*** Opening of LISTED RECORDS ***
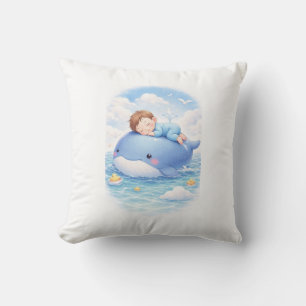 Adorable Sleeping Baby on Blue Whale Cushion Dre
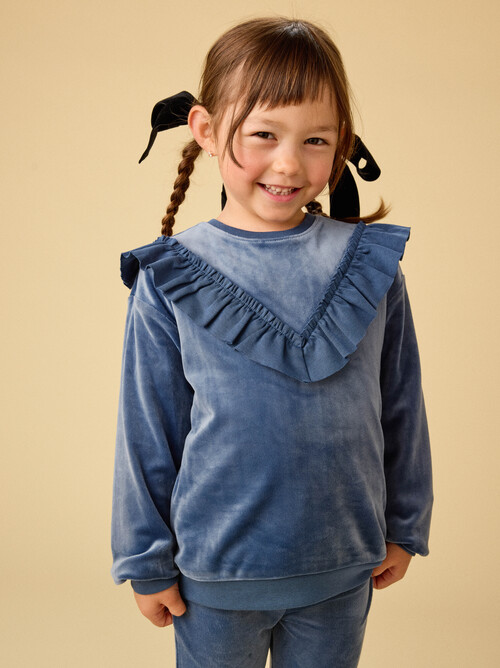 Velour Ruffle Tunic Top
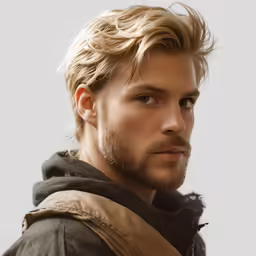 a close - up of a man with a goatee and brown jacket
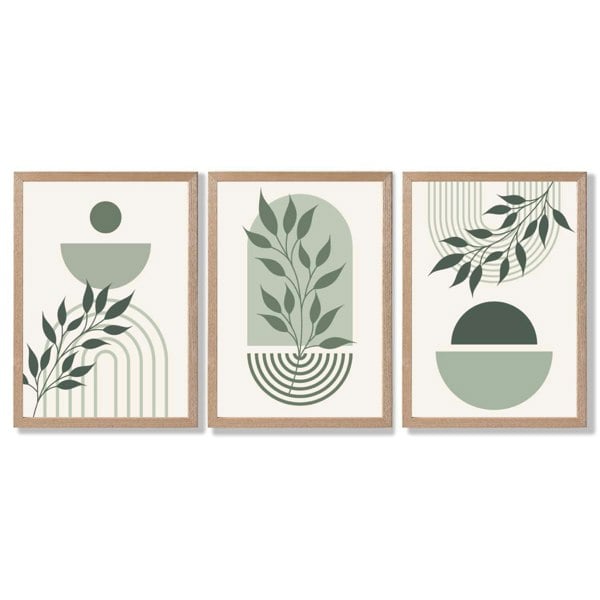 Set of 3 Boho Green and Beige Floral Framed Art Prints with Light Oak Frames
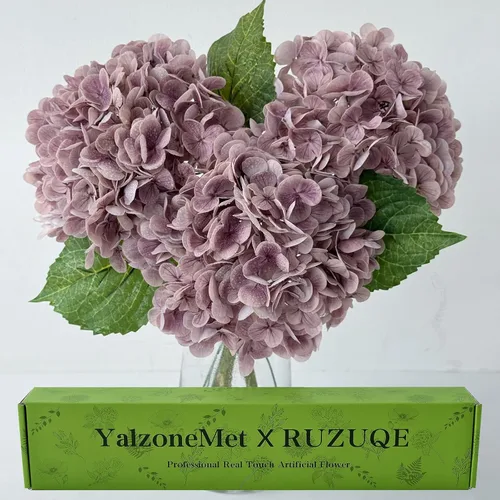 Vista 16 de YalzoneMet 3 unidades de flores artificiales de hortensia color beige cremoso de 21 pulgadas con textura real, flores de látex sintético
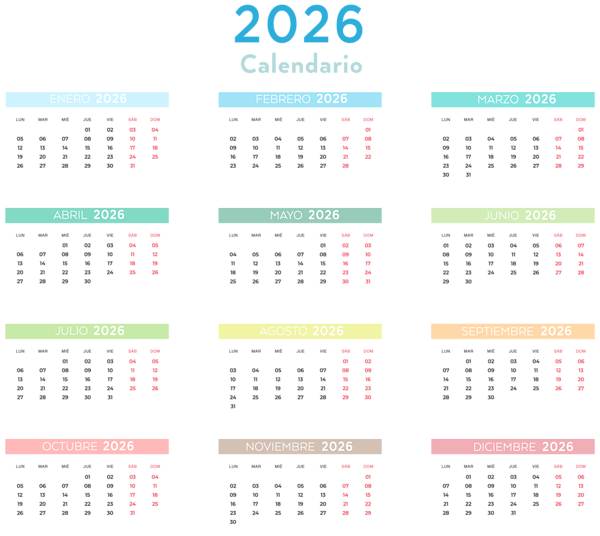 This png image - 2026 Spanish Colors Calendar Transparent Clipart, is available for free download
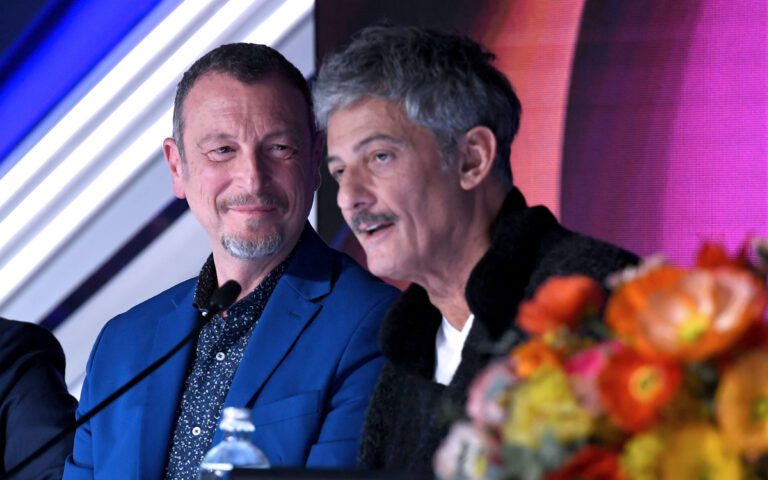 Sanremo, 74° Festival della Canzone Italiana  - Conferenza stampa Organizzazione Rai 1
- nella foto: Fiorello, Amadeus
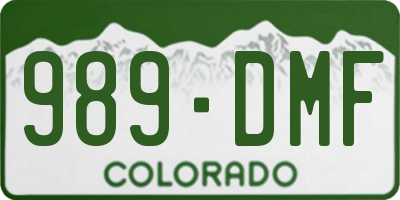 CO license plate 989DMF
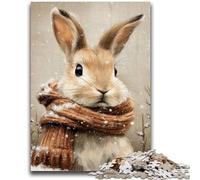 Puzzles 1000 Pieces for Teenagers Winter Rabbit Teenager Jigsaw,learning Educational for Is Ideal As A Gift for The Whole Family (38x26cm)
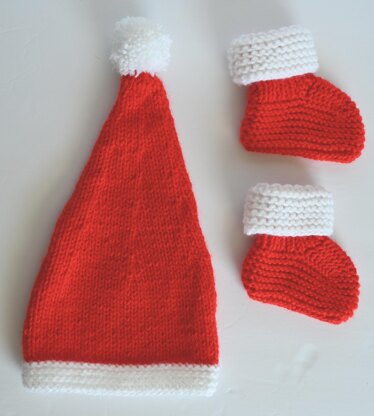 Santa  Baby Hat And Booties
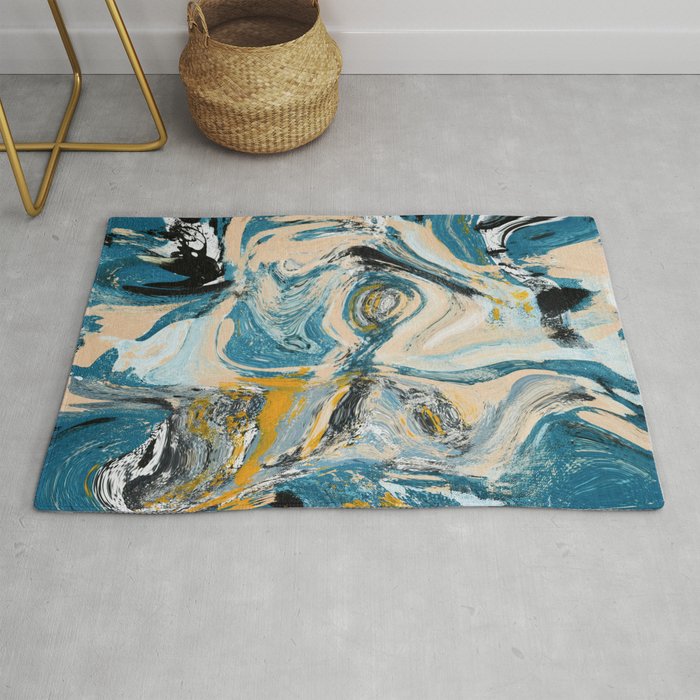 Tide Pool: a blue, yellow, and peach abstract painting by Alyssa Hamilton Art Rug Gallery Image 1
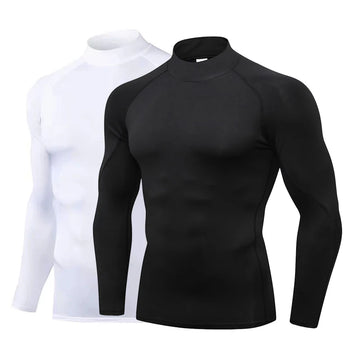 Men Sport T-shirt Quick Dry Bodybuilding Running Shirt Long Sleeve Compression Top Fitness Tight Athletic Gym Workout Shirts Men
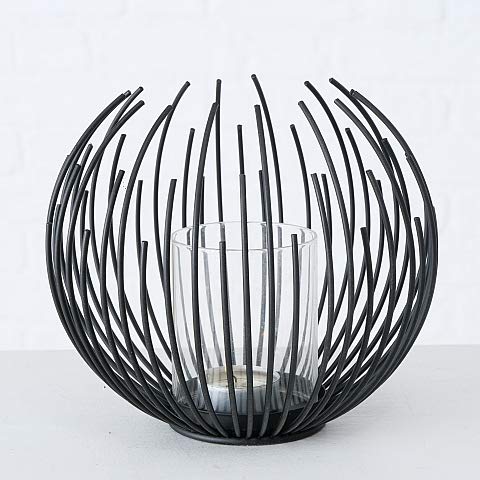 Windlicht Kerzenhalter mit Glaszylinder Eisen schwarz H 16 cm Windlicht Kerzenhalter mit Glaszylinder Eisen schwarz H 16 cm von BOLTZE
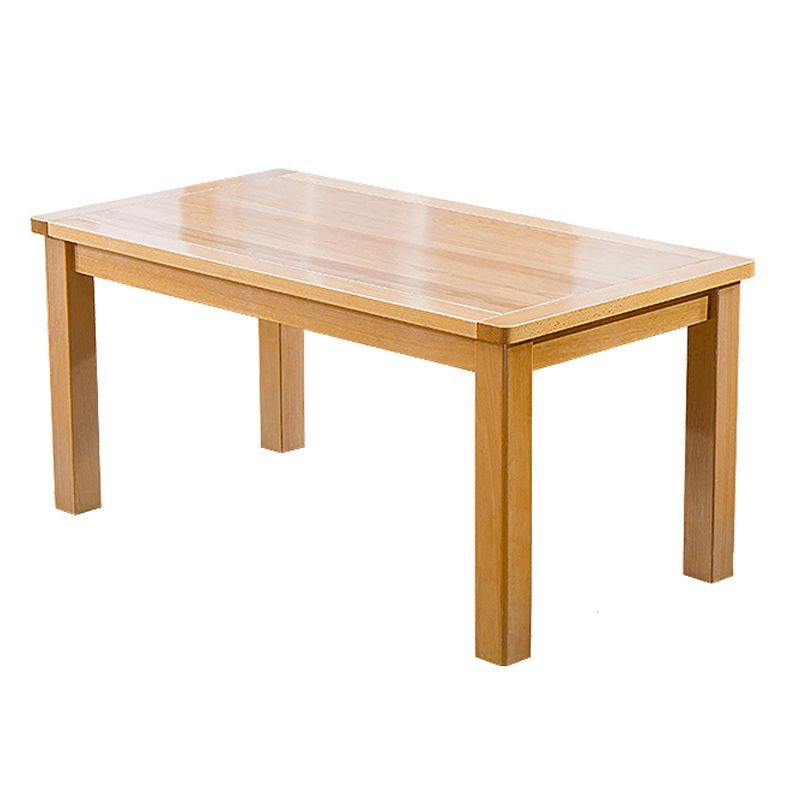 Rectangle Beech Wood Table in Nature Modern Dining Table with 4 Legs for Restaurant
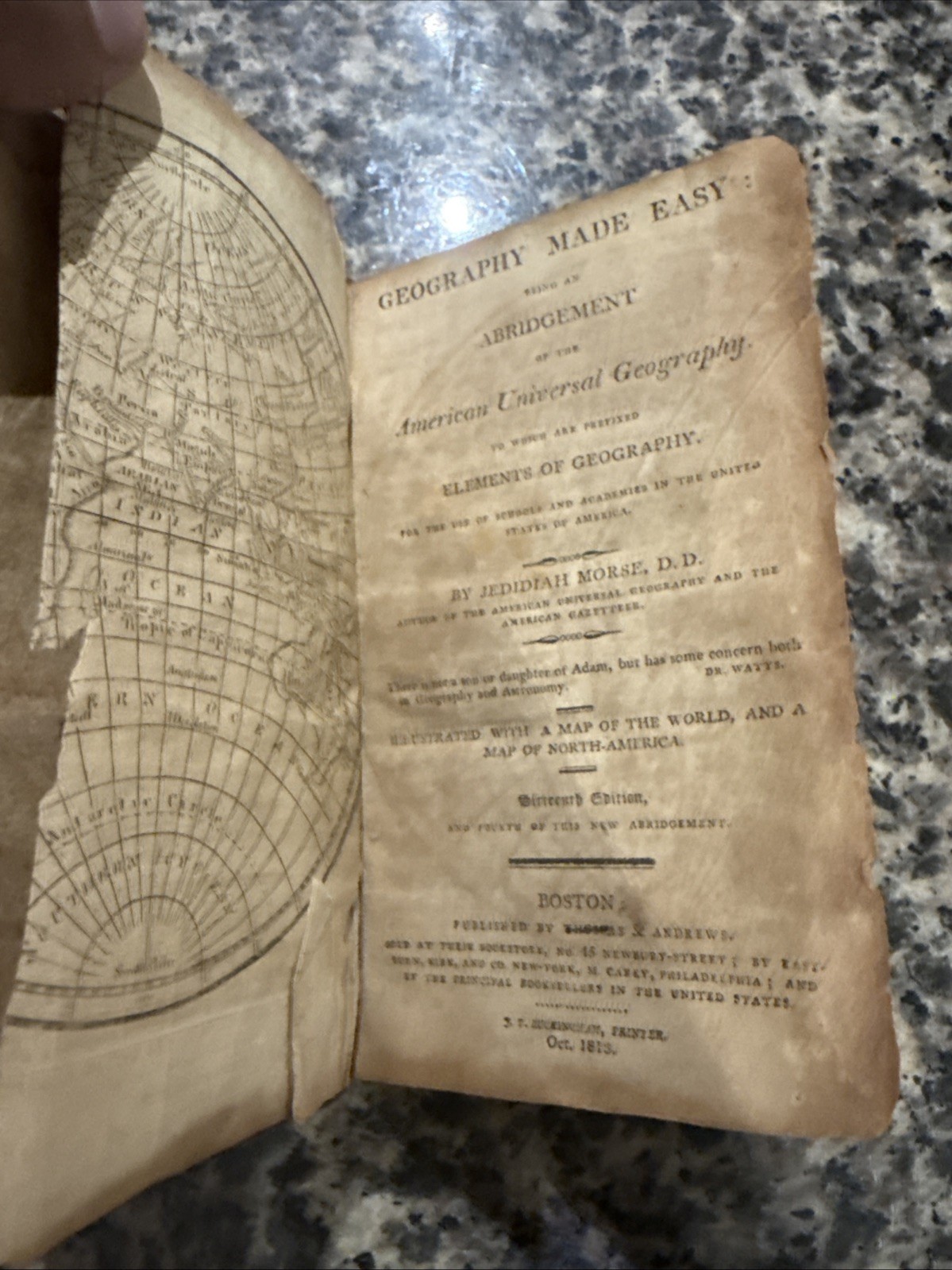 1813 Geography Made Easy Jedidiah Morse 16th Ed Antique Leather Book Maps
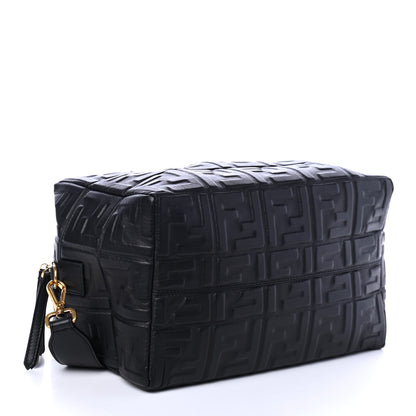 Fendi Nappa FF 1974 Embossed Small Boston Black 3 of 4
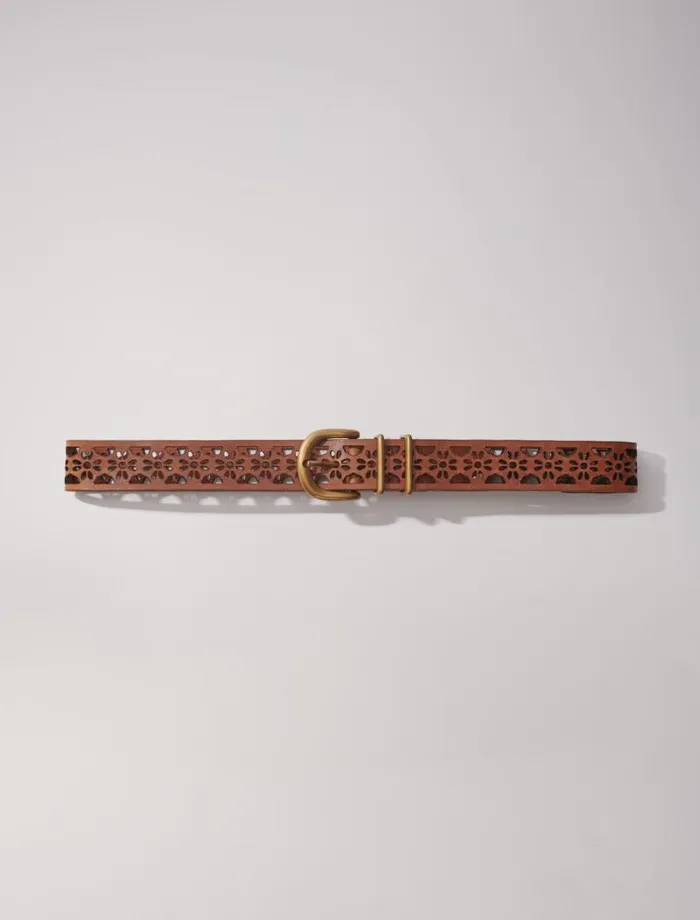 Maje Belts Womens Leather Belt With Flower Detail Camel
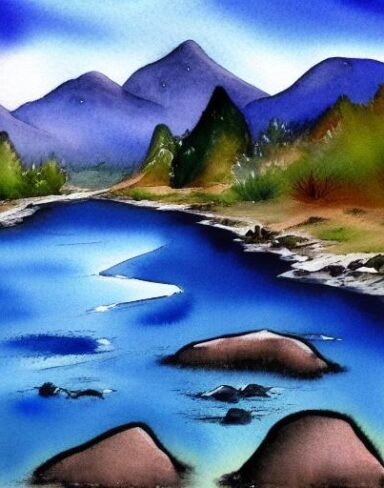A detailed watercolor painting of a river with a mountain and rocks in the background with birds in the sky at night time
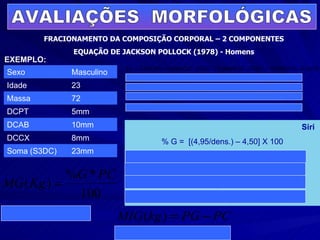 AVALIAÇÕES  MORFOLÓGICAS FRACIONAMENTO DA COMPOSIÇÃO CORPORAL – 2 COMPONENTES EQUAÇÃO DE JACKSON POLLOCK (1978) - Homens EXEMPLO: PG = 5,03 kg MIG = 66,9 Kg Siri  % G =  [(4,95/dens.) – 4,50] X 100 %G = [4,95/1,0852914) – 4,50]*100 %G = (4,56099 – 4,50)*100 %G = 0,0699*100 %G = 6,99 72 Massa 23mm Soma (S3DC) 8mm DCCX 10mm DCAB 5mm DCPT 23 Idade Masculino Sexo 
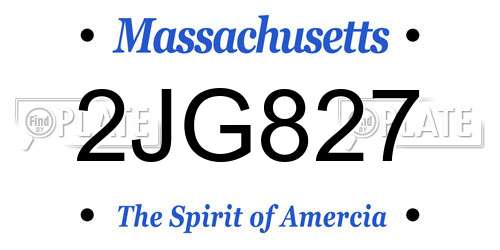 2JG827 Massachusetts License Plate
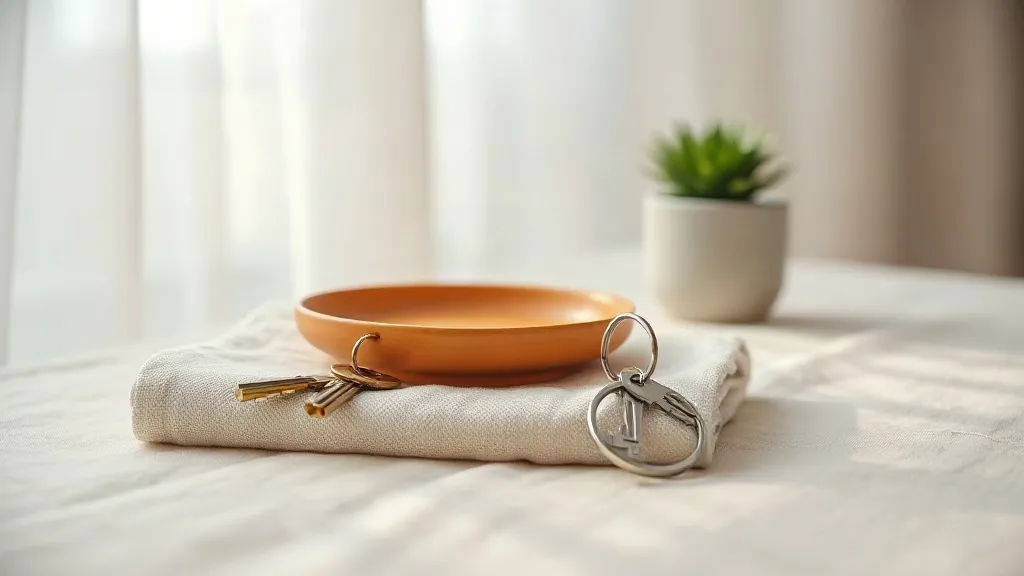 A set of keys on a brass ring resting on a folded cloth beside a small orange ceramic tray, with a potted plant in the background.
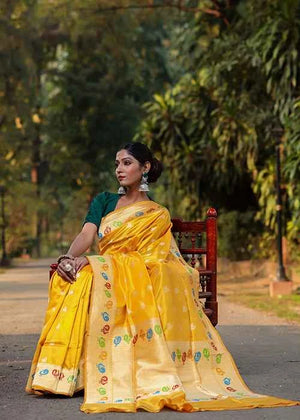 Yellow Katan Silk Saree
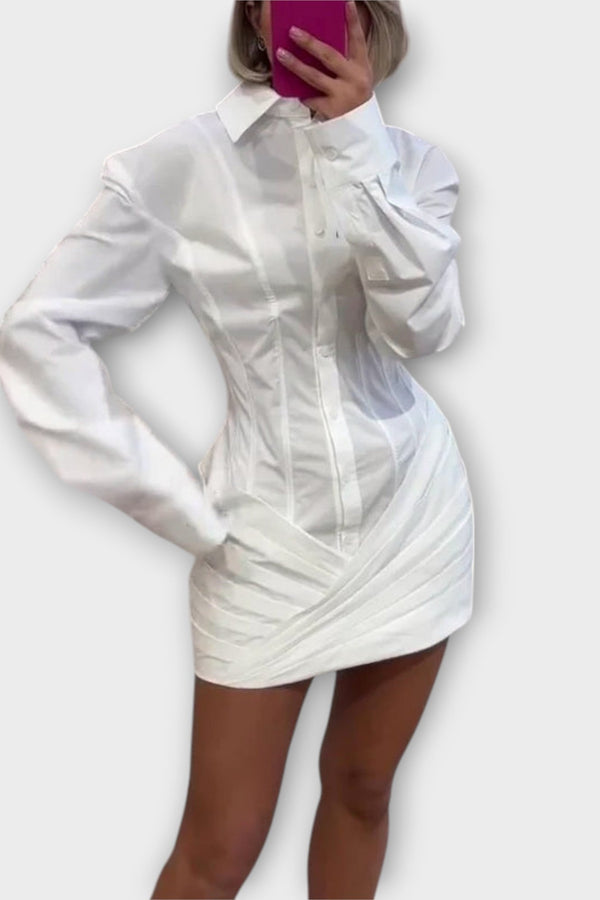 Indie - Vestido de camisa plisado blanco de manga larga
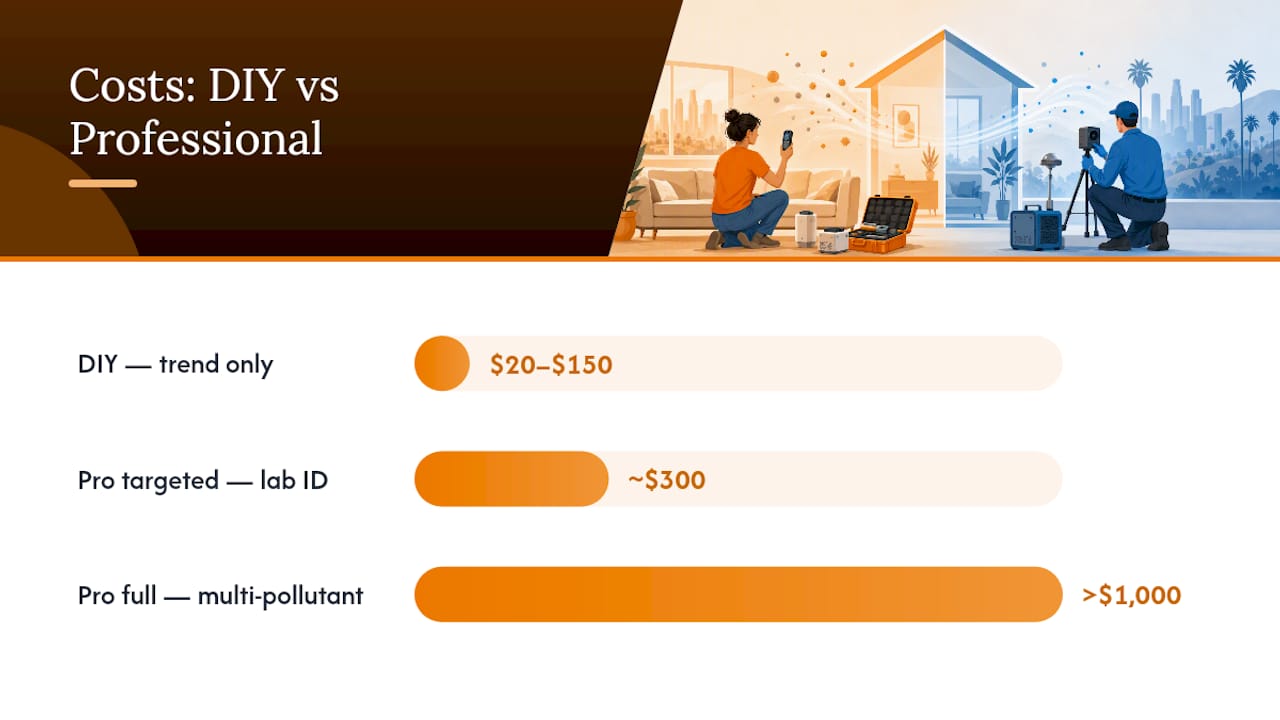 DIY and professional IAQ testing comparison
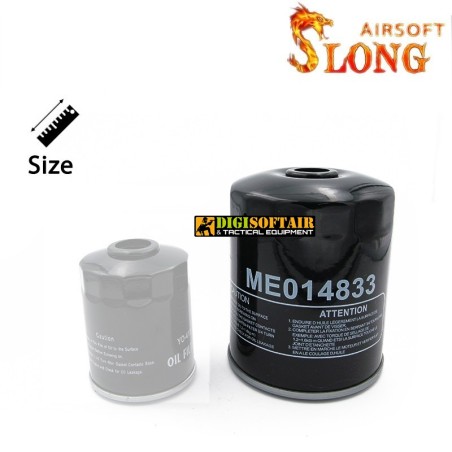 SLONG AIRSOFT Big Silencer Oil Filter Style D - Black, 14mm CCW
*** Close of LISTED RECORDS ***
» **TASK BRIEF**
Take the lines of the material above from the first through the one containing "Tide Pool: a", both included, and print them exactly without the pictures.

» **EXERCISE RESPONSE**
 Adorable Sleeping Baby on Blue Whale Cushion Dre
 Velour Ruffle Tunic Top
 a close - up of a man with a goatee and brown jacket
 Set of 3 Boho Green and Beige Floral Framed Art Prints with Light Oak Frames
 Vista 16 de YalzoneMet 3 unidades de flores artificiales de hortensia color beige cremoso de 21 pulgadas con textura real, flores de látex sintético
 This png image - 2026 Spanish Colors Calendar Transparent Clipart, is available for free download
 Sanremo, 74° Festival della Canzone Italiana  - Conferenza stampa Organizzazione Rai 1
- nella foto: Fiorello, Amadeus
 CO license plate 989DMF
 Puzzles 1000 Pieces for Teenagers Winter Rabbit Teenager Jigsaw,learning Educational for Is Ideal As A Gift for The Whole Family (38x26cm)
 Santa  Baby Hat And Booties
 Tide Pool: a blue, yellow, and peach abstract painting by Alyssa Hamilton Art Rug Gallery Image 1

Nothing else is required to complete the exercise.